Suhani Thadani

Personal information
- Full name: Suhani Rajiv Thadani
- Born: 2 August 2006 (age 20) San Jose, California
- Batting: Right-handed
- Bowling: Right-arm medium
- Role: Bowler

International information
- National side: United States;
- Only ODI (cap 9): 11 April 2024 v Papua New Guinea
- T20I debut (cap 20): 18 October 2021 v Brazil
- Last T20I: 1 May 2024 v Thailand

Career statistics
| Competition | WT20I | WODI |
| Matches | 19 | 1 |
| Runs scored | 16 | 6 |
| Batting average | 8.00 | 6.00 |
| 100s/50s | 0/0 | 0/0 |
| Top score | 10* | 6 |
| Balls bowled | 295 | 18 |
| Wickets | 15 | 0 |
| Bowling average | 12.93 | – |
| 5 wickets in innings | 0 | 0 |
| 10 wickets in match | 0 | 0 |
| Best bowling | 4/6 | – |
| Catches/stumpings | 1/– | 0/– |
- Source: Cricinfo, 7 October 2024

= Suhani Thadani =

American cricketer (born 2006)

Suhani Rajiv Thadani (born 2 August 2006) is an American cricketer who plays for the United States women's national cricket team.

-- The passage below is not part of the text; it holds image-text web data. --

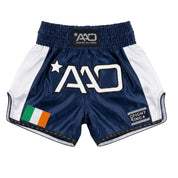 AAO Muay Thai Shorts "Legacy" - Irland - Aao-Fighting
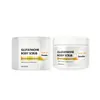 Exfoliante Corporal Iluminador Ingredientes suaves para el cuidado diario de la piel delicada del cuerpo, proporcionando confort, suavidad y cuidado limpiador
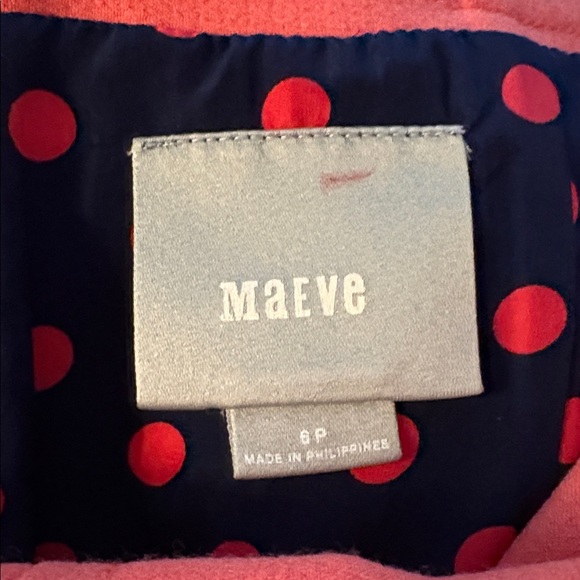 Anthropologie Maeve Mini Skirt Pleated A-Line - Picture 4 of 6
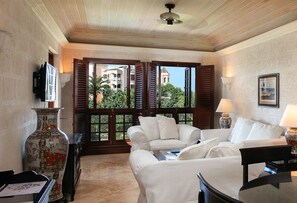 Suite Deluxe, 1 habitación, vista al jardín (Private Rooftop Pool) | Vista desde la habitación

In September 2021, Thadani was named in the American Women's Twenty20 International (WT20I) team for the 2021 ICC Women's T20 World Cup Americas Qualifier tournament in Mexico. She made her WT20I debut on 18 October 2021, in the USA's opening match of the tournament, against Brazil. In her second WT20I match, against Canada, she achieved the USA's best bowling performance, with 2/7 off four overs, and in her third match, against Argentina, she both repeated and improved upon that performance, with 4/6.

The following month, Thadani was named in America's squad for the 2021 Women's Cricket World Cup Qualifier tournament in Zimbabwe. On 27 November 2021, she played in America's third match of the tournament, against Thailand.